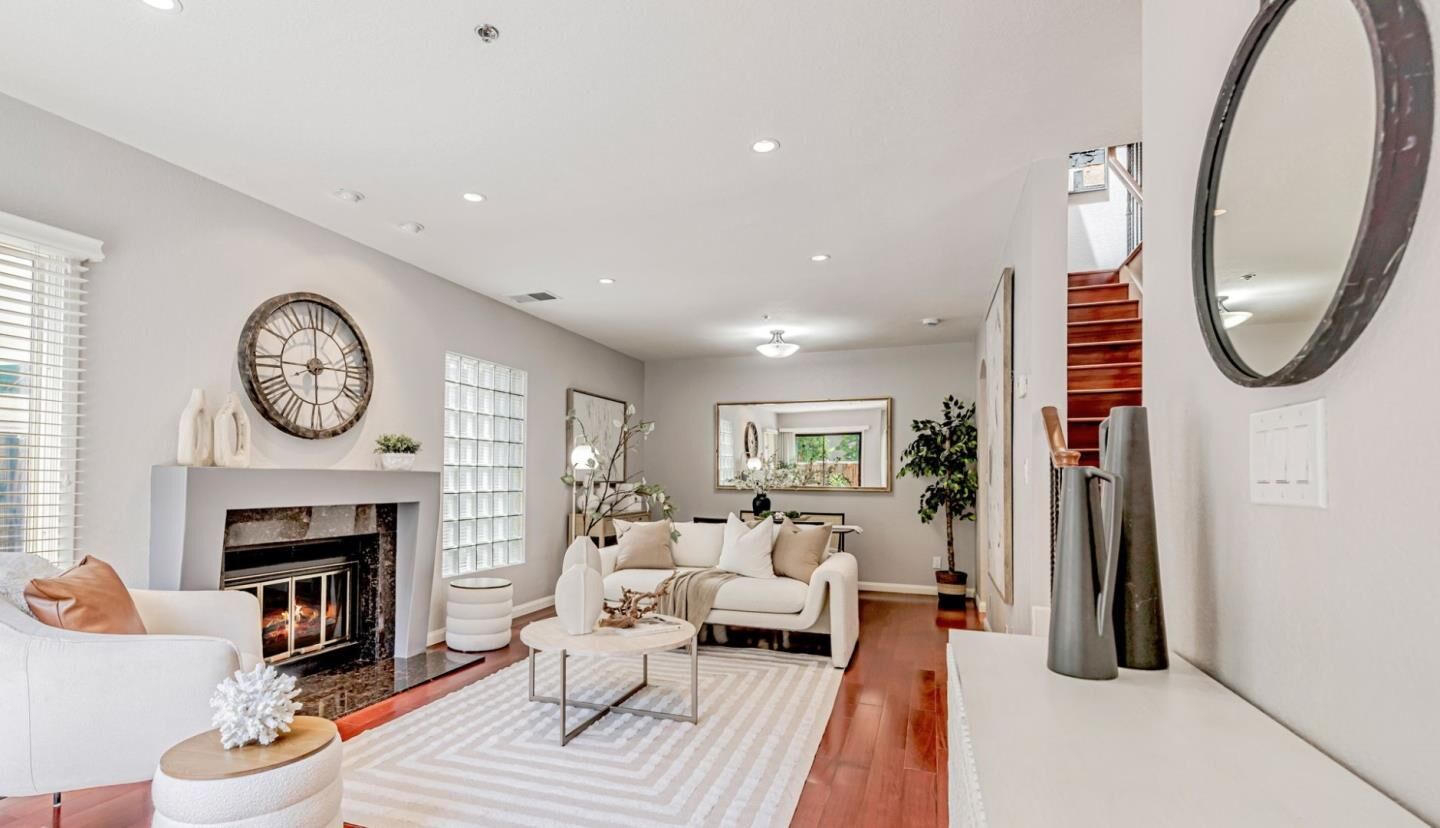 Property Photo:  907 Cowper Street  CA 94301 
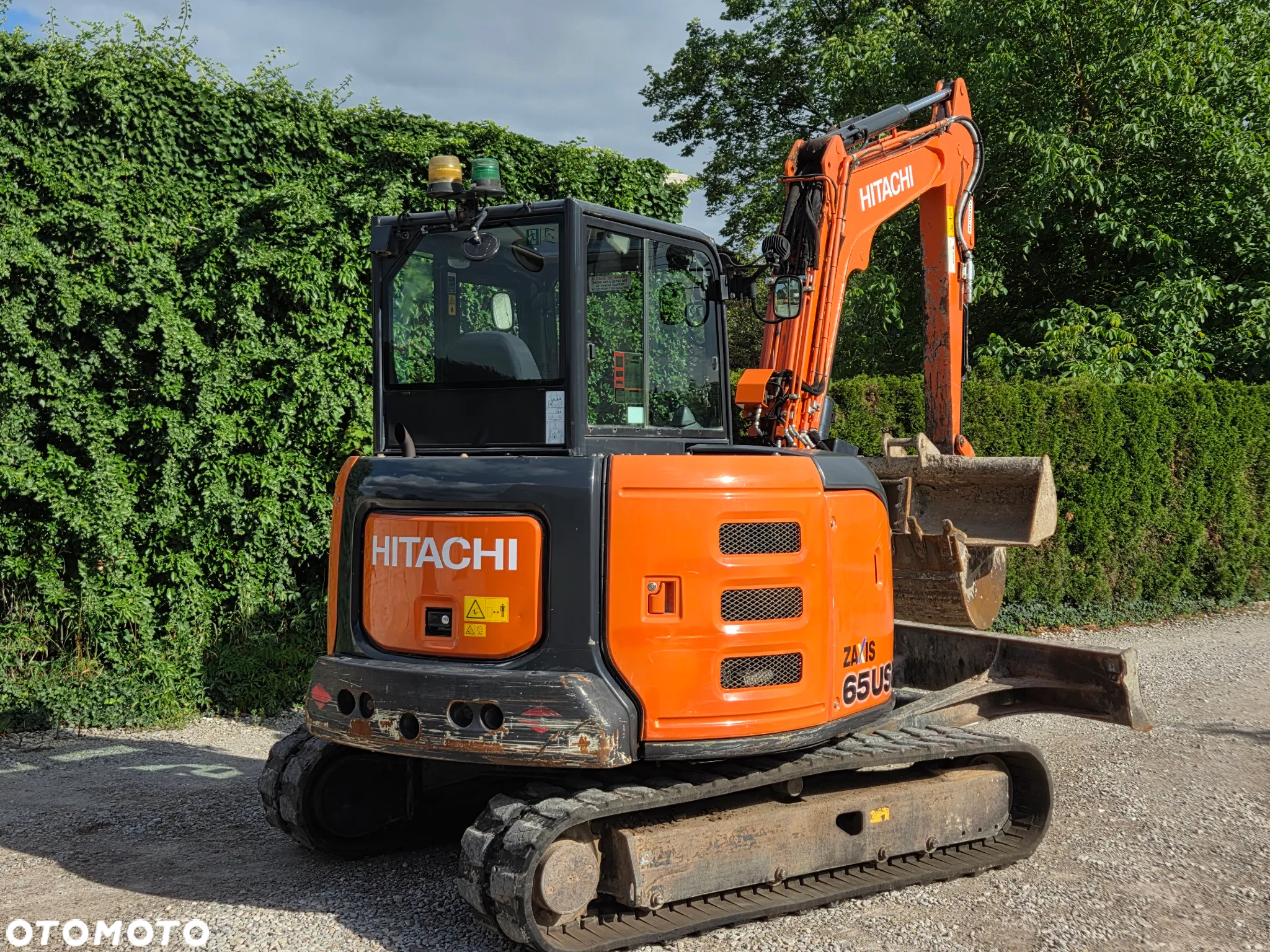 Hitachi ZX65usb - 17
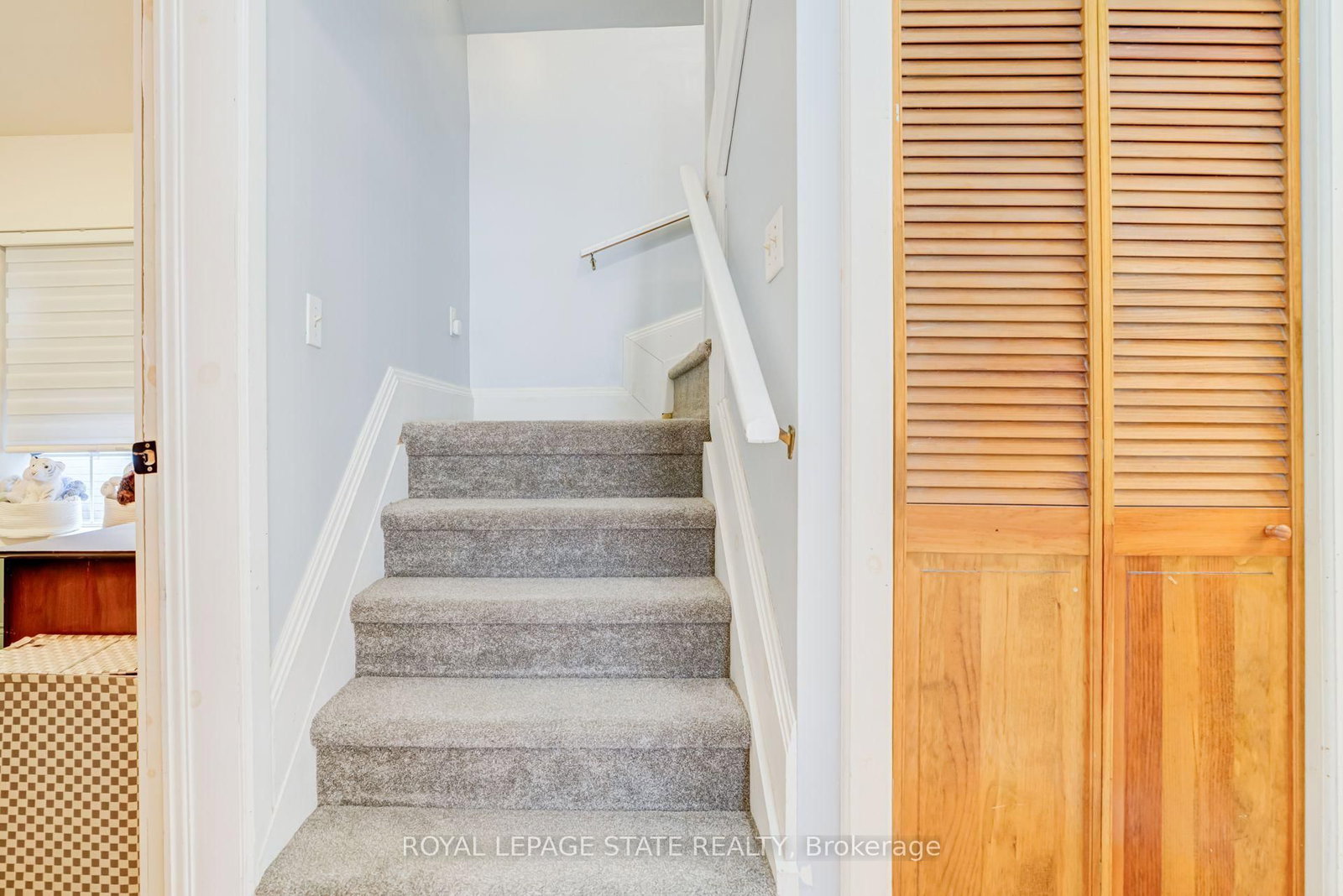 175 Rosslyn Avenue S • Hamilton, ON photo 26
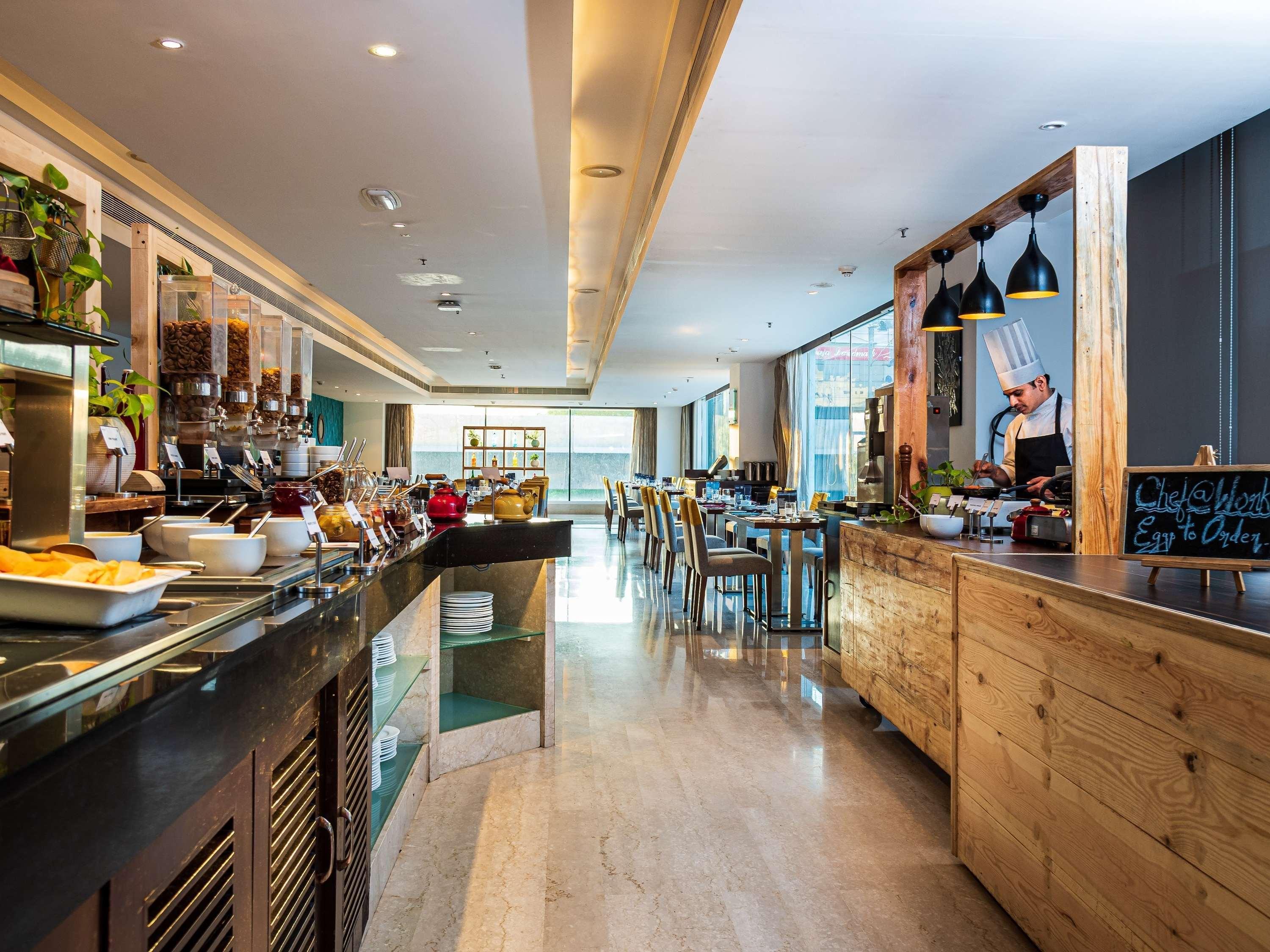 Mercure Hyderabad Kcp Banjara Hills, An Accor Hotel Dış mekan fotoğraf The Kitchen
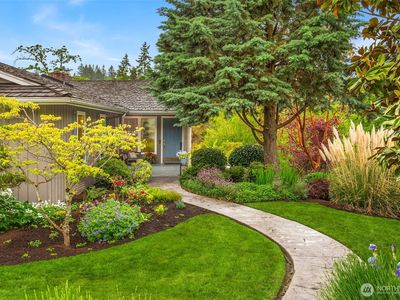7915 SE 34th Street, Mercer Island, WA, 98040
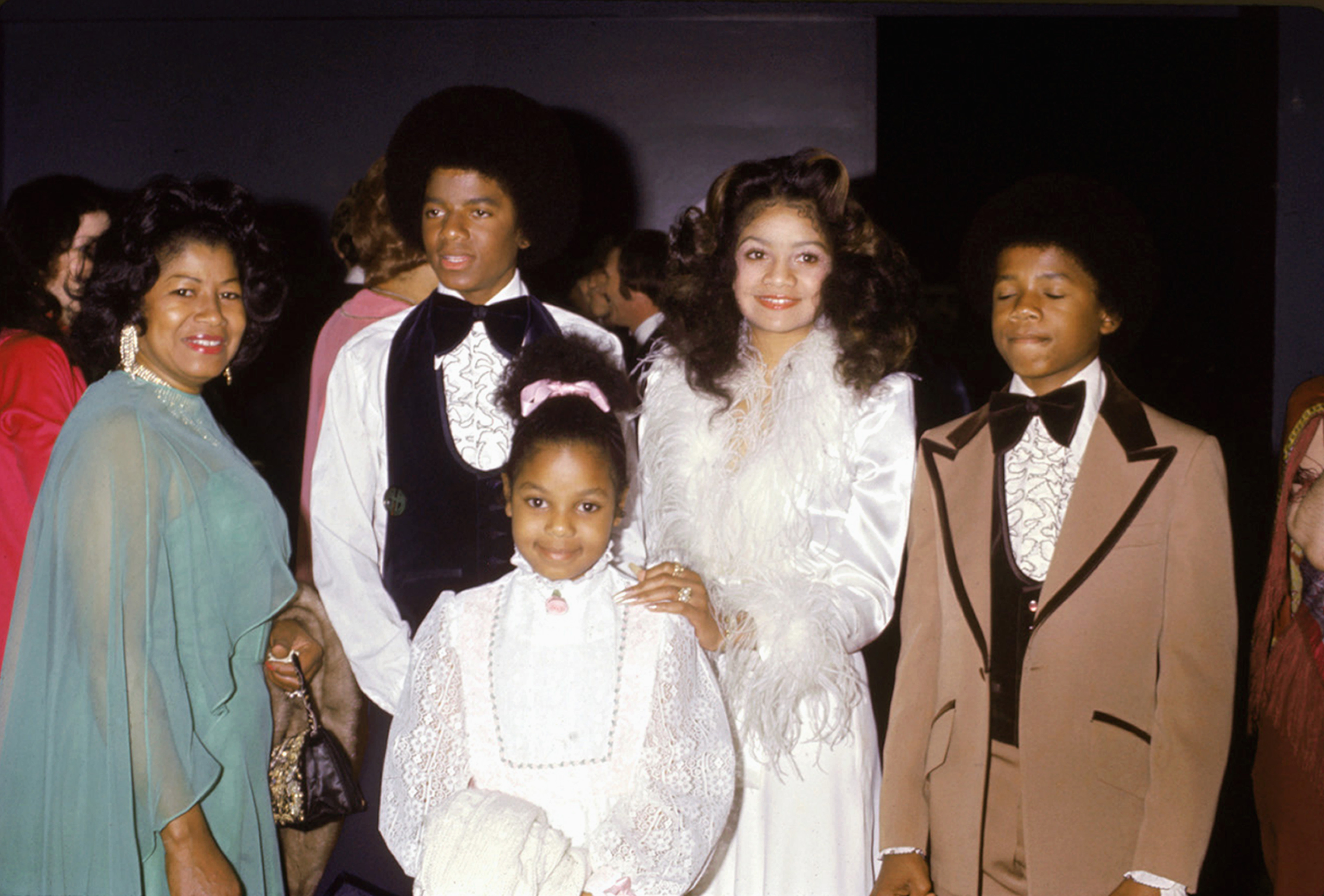 Michael Jackson with his mother Katherine, sisters Janet and La Toya and brother Randy in Hollywood, California on December 15, 1973.| Source: Getty Images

========

#### Directions:
Leaving images out, please output every line of the data exactly.

#### Task result:
 Property Photo:  907 Cowper Street  CA 94301 
 Hitachi ZX65usb - 17
 175 Rosslyn Avenue S • Hamilton, ON photo 26
 Mercure Hyderabad Kcp Banjara Hills, An Accor Hotel Dış mekan fotoğraf The Kitchen
7915 SE 34th Street, Mercer Island, WA, 98040
 Michael Jackson with his mother Katherine, sisters Janet and La Toya and brother Randy in Hollywood, California on December 15, 1973.| Source: Getty Images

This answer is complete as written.